• **EXERCISE BRIEF**: Exactly as written, reproduce all of the entries.

• **PROVIDED DATA**:
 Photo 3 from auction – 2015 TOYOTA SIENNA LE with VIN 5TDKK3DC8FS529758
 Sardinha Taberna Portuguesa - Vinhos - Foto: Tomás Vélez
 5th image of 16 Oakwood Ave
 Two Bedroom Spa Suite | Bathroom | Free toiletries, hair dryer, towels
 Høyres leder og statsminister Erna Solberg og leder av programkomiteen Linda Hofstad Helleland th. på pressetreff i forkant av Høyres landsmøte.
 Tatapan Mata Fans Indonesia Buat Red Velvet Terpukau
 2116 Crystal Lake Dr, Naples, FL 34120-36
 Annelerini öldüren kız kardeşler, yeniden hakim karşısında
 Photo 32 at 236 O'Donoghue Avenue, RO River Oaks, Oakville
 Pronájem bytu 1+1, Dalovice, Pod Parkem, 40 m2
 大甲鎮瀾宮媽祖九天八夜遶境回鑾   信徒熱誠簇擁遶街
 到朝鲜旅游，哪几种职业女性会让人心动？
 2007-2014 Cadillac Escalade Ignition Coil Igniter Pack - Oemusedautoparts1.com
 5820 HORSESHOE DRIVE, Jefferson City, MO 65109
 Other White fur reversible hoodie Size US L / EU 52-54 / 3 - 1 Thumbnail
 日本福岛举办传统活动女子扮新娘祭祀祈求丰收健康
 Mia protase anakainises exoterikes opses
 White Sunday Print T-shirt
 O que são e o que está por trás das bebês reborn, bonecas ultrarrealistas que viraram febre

• **RESPONSE TO THE TASK**:
 Photo 3 from auction – 2015 TOYOTA SIENNA LE with VIN 5TDKK3DC8FS529758
 Sardinha Taberna Portuguesa - Vinhos - Foto: Tomás Vélez
 5th image of 16 Oakwood Ave
 Two Bedroom Spa Suite | Bathroom | Free toiletries, hair dryer, towels
 Høyres leder og statsminister Erna Solberg og leder av programkomiteen Linda Hofstad Helleland th. på pressetreff i forkant av Høyres landsmøte.
 Tatapan Mata Fans Indonesia Buat Red Velvet Terpukau
 2116 Crystal Lake Dr, Naples, FL 34120-36
 Annelerini öldüren kız kardeşler, yeniden hakim karşısında
 Photo 32 at 236 O'Donoghue Avenue, RO River Oaks, Oakville
 Pronájem bytu 1+1, Dalovice, Pod Parkem, 40 m2
 大甲鎮瀾宮媽祖九天八夜遶境回鑾   信徒熱誠簇擁遶街
 到朝鲜旅游，哪几种职业女性会让人心动？
 2007-2014 Cadillac Escalade Ignition Coil Igniter Pack - Oemusedautoparts1.com
 5820 HORSESHOE DRIVE, Jefferson City, MO 65109
 Other White fur reversible hoodie Size US L / EU 52-54 / 3 - 1 Thumbnail
 日本福岛举办传统活动女子扮新娘祭祀祈求丰收健康
 Mia protase anakainises exoterikes opses
 White Sunday Print T-shirt
 O que são e o que está por trás das bebês reborn, bonecas ultrarrealistas que viraram febre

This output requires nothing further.